§ **TASK PROMPT**: All of the data below must be reproduced word for word, but without its images.

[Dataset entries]
*** Begin section ***
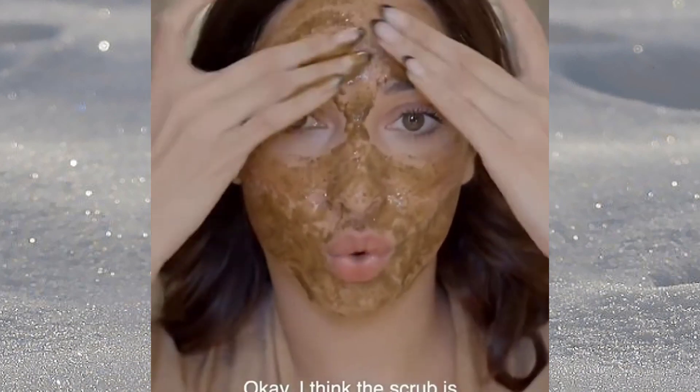I think this scrub should be left on for 10 minutes. After 10 minutes, I will remove it. Now we will apply it properly on our face. When I use this remedy, I will look very good.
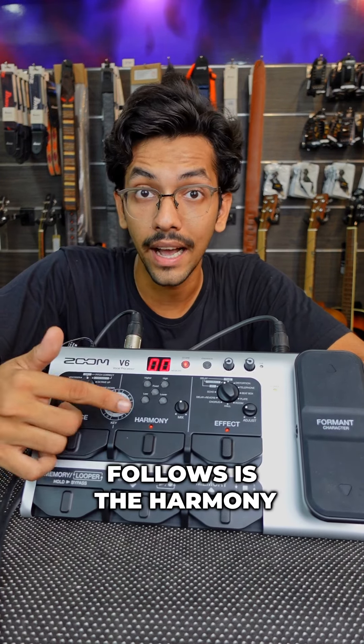Coming over to the third unit, which is the effects unit — this has a lot of effects like reverbs, delays, choruses, and many modulation effects. You also get a foot pedal with it, which you can use to modulate the amount of effect going into the processor.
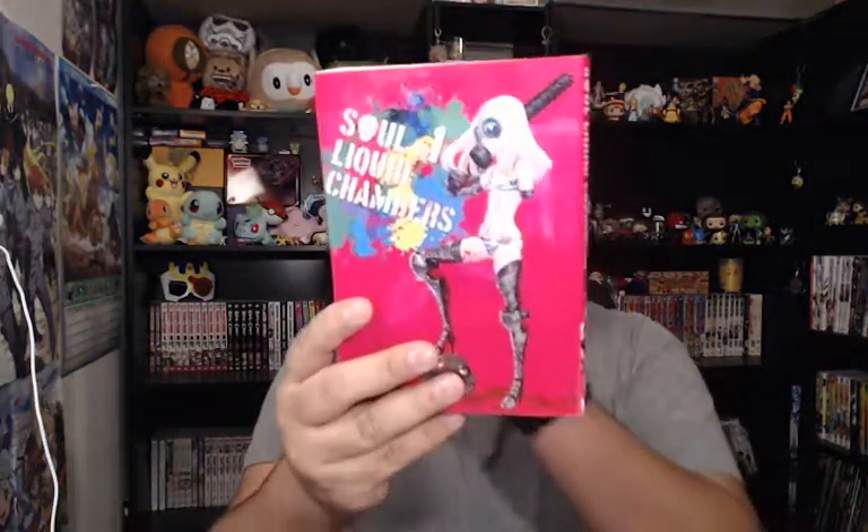That is Soul Liquid Chambers. This one is from the same creator of Dance in the Vampire Bunch. And great, great first volume. I didn't realize how great of a series this is going to be. So I will be buying more of the volumes of this one and reviewing for you guys.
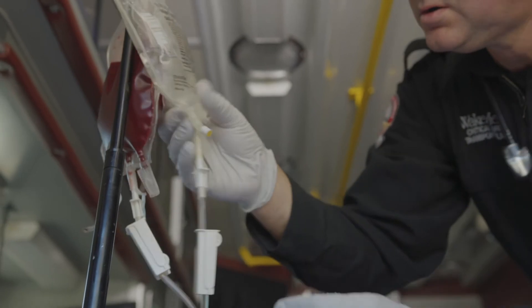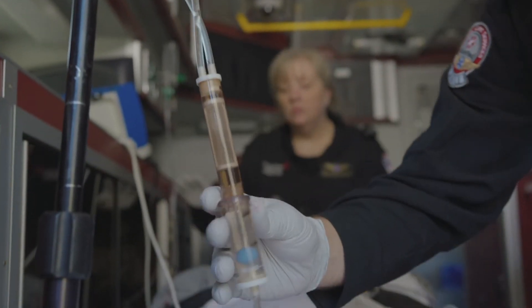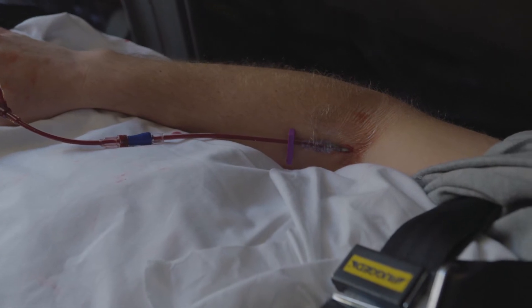Check that fluid remains in the desired bag. Ensure that roller clamps are open. Check that the filter is not clogged. Make sure the ball is not suctioned to the bottom of the air check, and check all distal clamps.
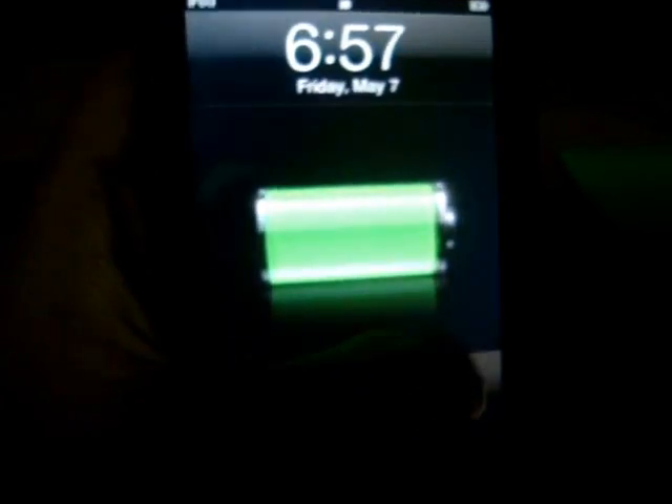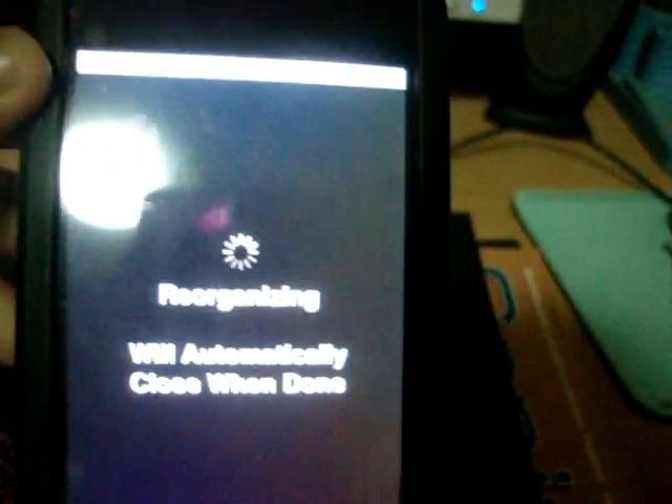After you finish, if you go to the next page you'll see Cydia. And since this is untethered, you can power off your device and that's it.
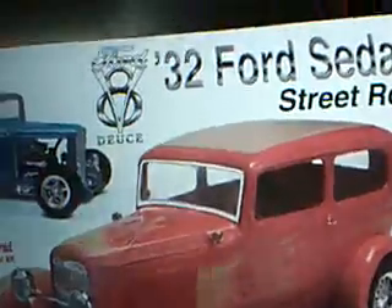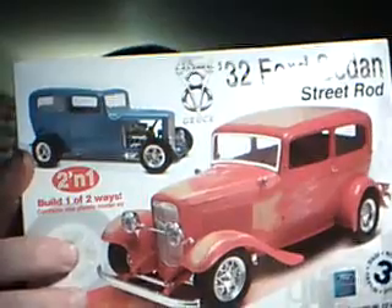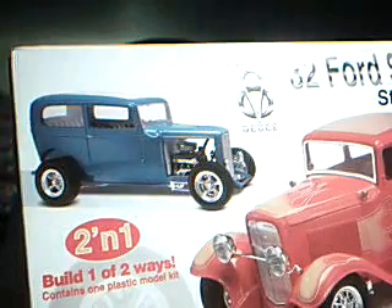First off, I finished with you guys the Special Edition 32 Ford 5-window coupe. I decided to go ahead and get the 32 Ford sedan street ride — pretty much the exact same kit, except a sedan instead of a coupe. It comes with a different set of wheels and different motors, but still a very nice kit. Skill level 3.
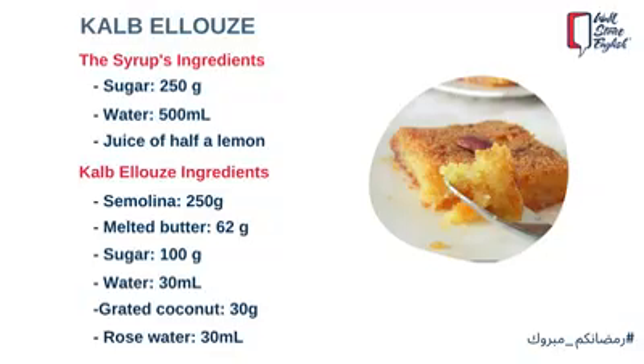The ingredients of the syrup are 250 grams of sugar, 500 milliliters of water, and the juice of half a lemon. The ingredients for qalbaloos are 250 grams of semolina, 62 grams of melted butter, 100 grams of sugar, 30 milliliters of water, 30 grams of grated coconut, and 30 milliliters of rose water.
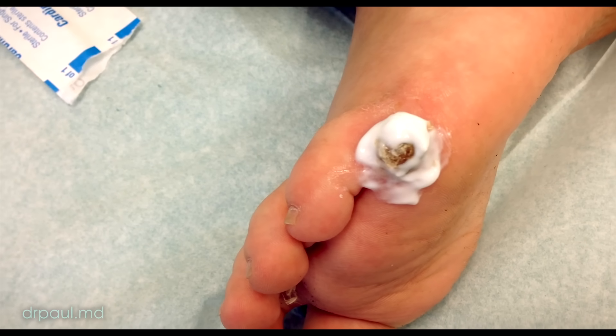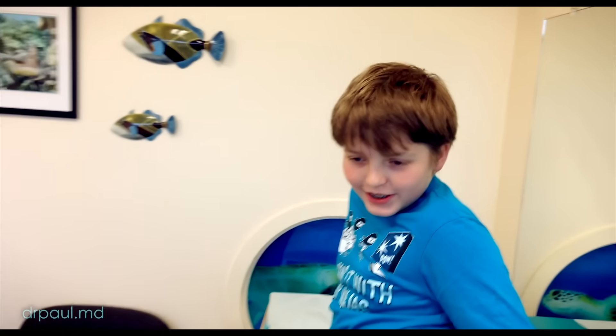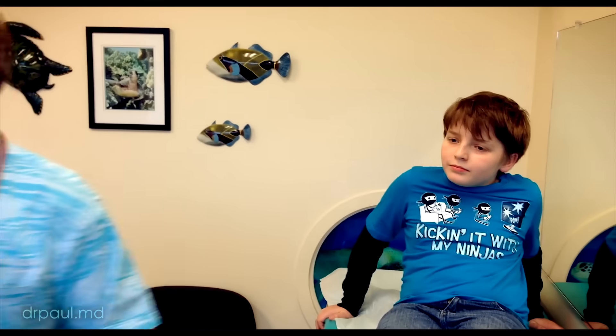Well, 'off' isn't quite the right word — we're going to freeze it, and then it will just sort of melt away over the next three to four weeks. Alright, we'll be back in 15 to 20 minutes.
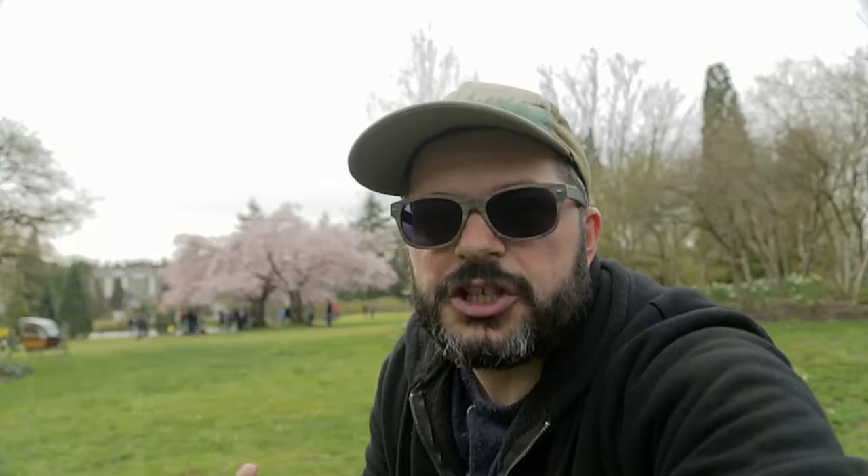Behind me right now are the cherry blossom trees in Queen Elizabeth Park. When they come out to bloom, everybody comes up from around the city to take pictures of themselves, of the flowers, of themselves with the flowers. People get dressed up in different traditional outfits. Even though winter in Vancouver is quite mild — mostly just rain — when the cherry blossoms come out, it kind of brings people out of their houses. This is kind of the end of cabin fever season.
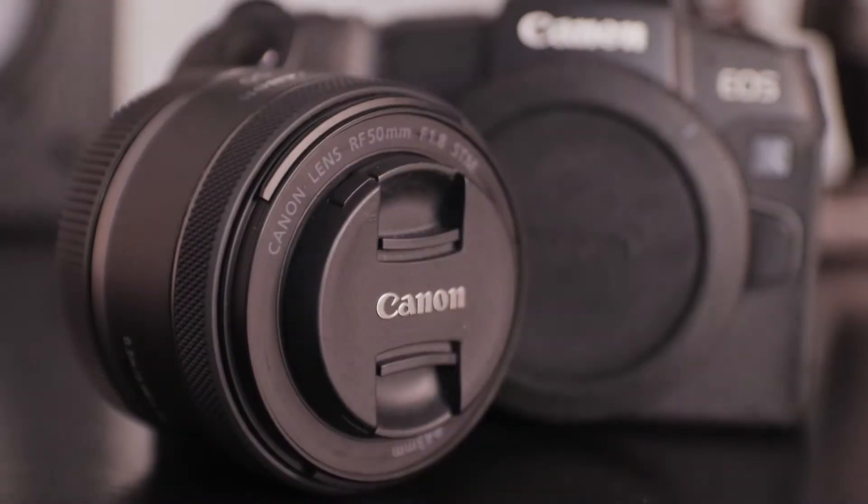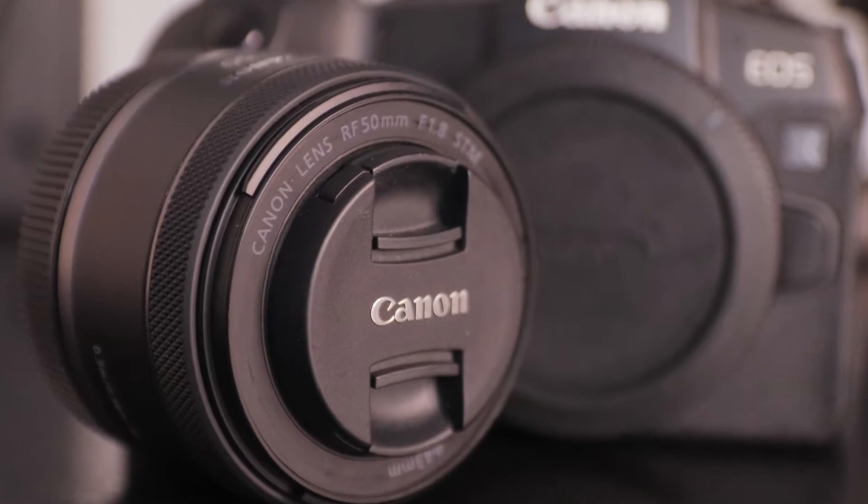Hey, what's going on ladies and gentlemen, it's your boy O'Gorman and today we're going to be reviewing the Canon RF 50 millimeter lens. I love this lens, it's super dope and super versatile.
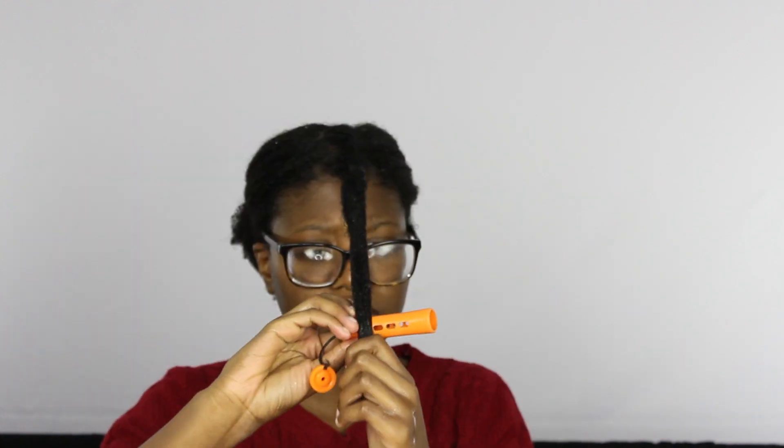When you're done flat twisting, you're not going to twist the ends — you're going to leave the ends loose, then detangle them and put the perm rods in. That's how I get my hair very curly.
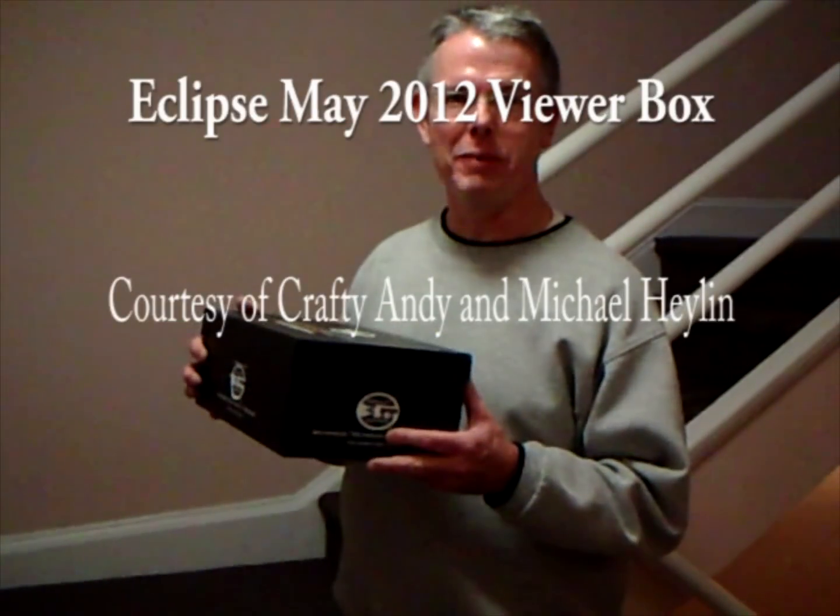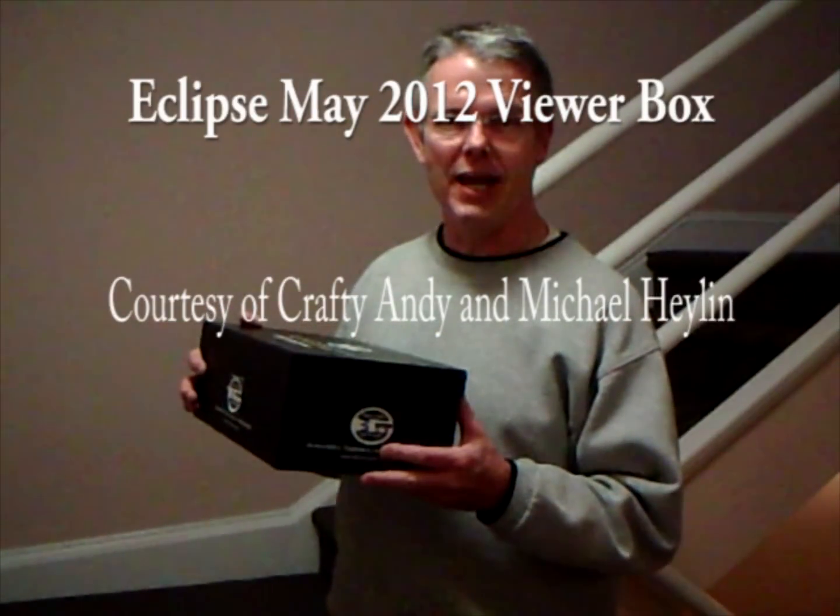Hi, I'm Mike Halen. Welcome to my home. Tomorrow is Sunday, May 20, 2012, and this is one day out of two this year where we will have a solar eclipse in North America. That's when the moon covers all or part of the sun, and it's an amazing thing to see.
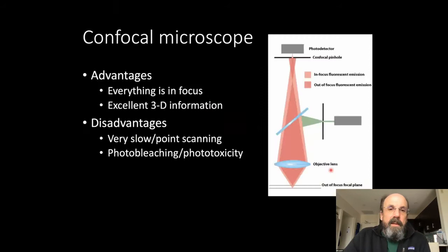The confocal microscope is great because everything is in focus and you get excellent 3D information. The disadvantages are that it's very slow — it's point scanning. You have to scan every point in a plane, then move to the next plane and repeat through the whole specimen. There's a big problem with photobleaching and phototoxicity because the laser light passes through the entire specimen even though you're only imaging one plane at a time. If you have a hundred planes, you illuminate each voxel a hundred times to get one image — using a hundred times more light than you need.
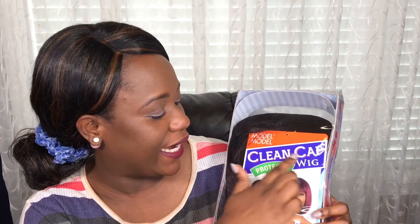I'm going to be doing a wig review of the Clean Cap wig in style number 19 and in the color OT99J. This wig comes in different colors, and I'm going to do a review, show you what it looks like, and then put it on for you to see.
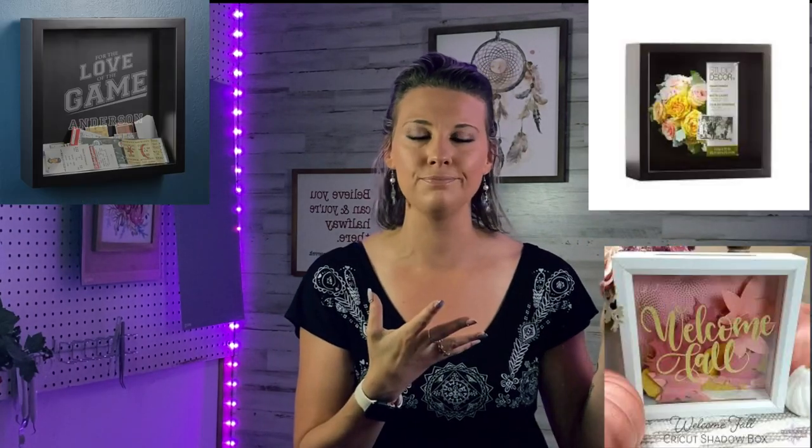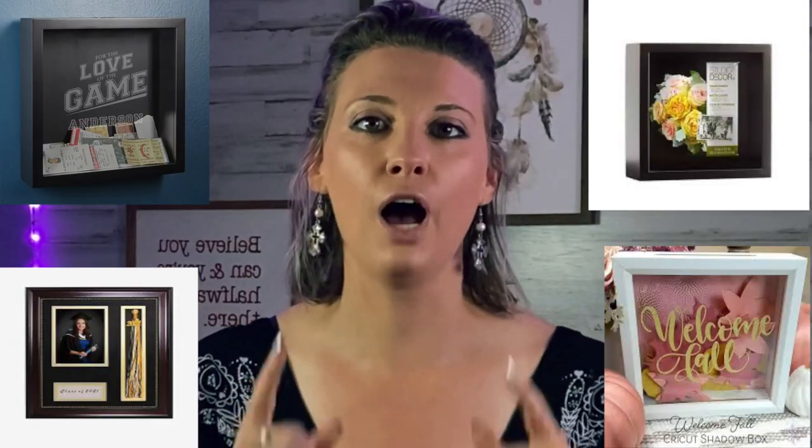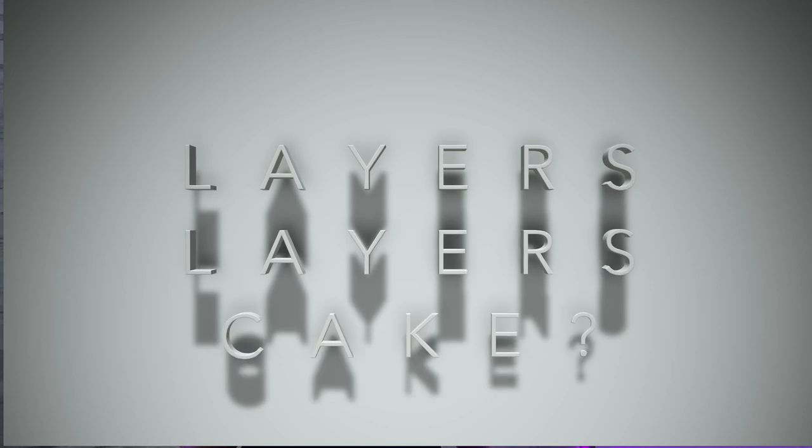I just thought of a great idea. Have you ever seen those shadow boxes where people put memorabilia inside and just stick it on a wall? I'm gonna bring it to the next level. I'm gonna show you how I use cardstock and epoxy to make it 3D, because who doesn't love layers?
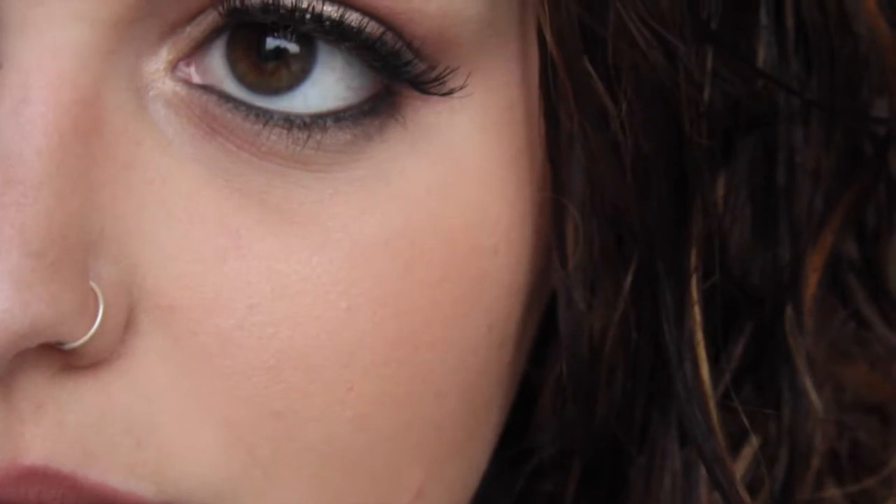Next we're going to line our lips - I felt very Kylie Jenner while doing this, so I overdrew my lips just a little bit. I'm not the best at overdrawing but I tried. I'm using the Smashbox nude lip pencil in medium - which I'm pretty sure I stole from my sister, whoops, sorry Kirsten - and I'm just using that as lipstick without putting anything else on. That is the finished look, complete with my gorgeous wet hair.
*** End section ***
§ **PROBLEM SOLUTION**:
I think this scrub should be left on for 10 minutes. After 10 minutes, I will remove it. Now we will apply it properly on our face. When I use this remedy, I will look very good.
Coming over to the third unit, which is the effects unit — this has a lot of effects like reverbs, delays, choruses, and many modulation effects. You also get a foot pedal with it, which you can use to modulate the amount of effect going into the processor.
That is Soul Liquid Chambers. This one is from the same creator of Dance in the Vampire Bunch. And great, great first volume. I didn't realize how great of a series this is going to be. So I will be buying more of the volumes of this one and reviewing for you guys.
Check that fluid remains in the desired bag. Ensure that roller clamps are open. Check that the filter is not clogged. Make sure the ball is not suctioned to the bottom of the air check, and check all distal clamps.
After you finish, if you go to the next page you'll see Cydia. And since this is untethered, you can power off your device and that's it.
First off, I finished with you guys the Special Edition 32 Ford 5-window coupe. I decided to go ahead and get the 32 Ford sedan street ride — pretty much the exact same kit, except a sedan instead of a coupe. It comes with a different set of wheels and different motors, but still a very nice kit. Skill level 3.
The ingredients of the syrup are 250 grams of sugar, 500 milliliters of water, and the juice of half a lemon. The ingredients for qalbaloos are 250 grams of semolina, 62 grams of melted butter, 100 grams of sugar, 30 milliliters of water, 30 grams of grated coconut, and 30 milliliters of rose water.
Well, 'off' isn't quite the right word — we're going to freeze it, and then it will just sort of melt away over the next three to four weeks. Alright, we'll be back in 15 to 20 minutes.
Behind me right now are the cherry blossom trees in Queen Elizabeth Park. When they come out to bloom, everybody comes up from around the city to take pictures of themselves, of the flowers, of themselves with the flowers. People get dressed up in different traditional outfits. Even though winter in Vancouver is quite mild — mostly just rain — when the cherry blossoms come out, it kind of brings people out of their houses. This is kind of the end of cabin fever season.
Hey, what's going on ladies and gentlemen, it's your boy O'Gorman and today we're going to be reviewing the Canon RF 50 millimeter lens. I love this lens, it's super dope and super versatile.
When you're done flat twisting, you're not going to twist the ends — you're going to leave the ends loose, then detangle them and put the perm rods in. That's how I get my hair very curly.
Hi, I'm Mike Halen. Welcome to my home. Tomorrow is Sunday, May 20, 2012, and this is one day out of two this year where we will have a solar eclipse in North America. That's when the moon covers all or part of the sun, and it's an amazing thing to see.
The confocal microscope is great because everything is in focus and you get excellent 3D information. The disadvantages are that it's very slow — it's point scanning. You have to scan every point in a plane, then move to the next plane and repeat through the whole specimen. There's a big problem with photobleaching and phototoxicity because the laser light passes through the entire specimen even though you're only imaging one plane at a time. If you have a hundred planes, you illuminate each voxel a hundred times to get one image — using a hundred times more light than you need.
I'm going to be doing a wig review of the Clean Cap wig in style number 19 and in the color OT99J. This wig comes in different colors, and I'm going to do a review, show you what it looks like, and then put it on for you to see.
I just thought of a great idea. Have you ever seen those shadow boxes where people put memorabilia inside and just stick it on a wall? I'm gonna bring it to the next level. I'm gonna show you how I use cardstock and epoxy to make it 3D, because who doesn't love layers?
Next we're going to line our lips - I felt very Kylie Jenner while doing this, so I overdrew my lips just a little bit. I'm not the best at overdrawing but I tried. I'm using the Smashbox nude lip pencil in medium - which I'm pretty sure I stole from my sister, whoops, sorry Kirsten - and I'm just using that as lipstick without putting anything else on. That is the finished look, complete with my gorgeous wet hair.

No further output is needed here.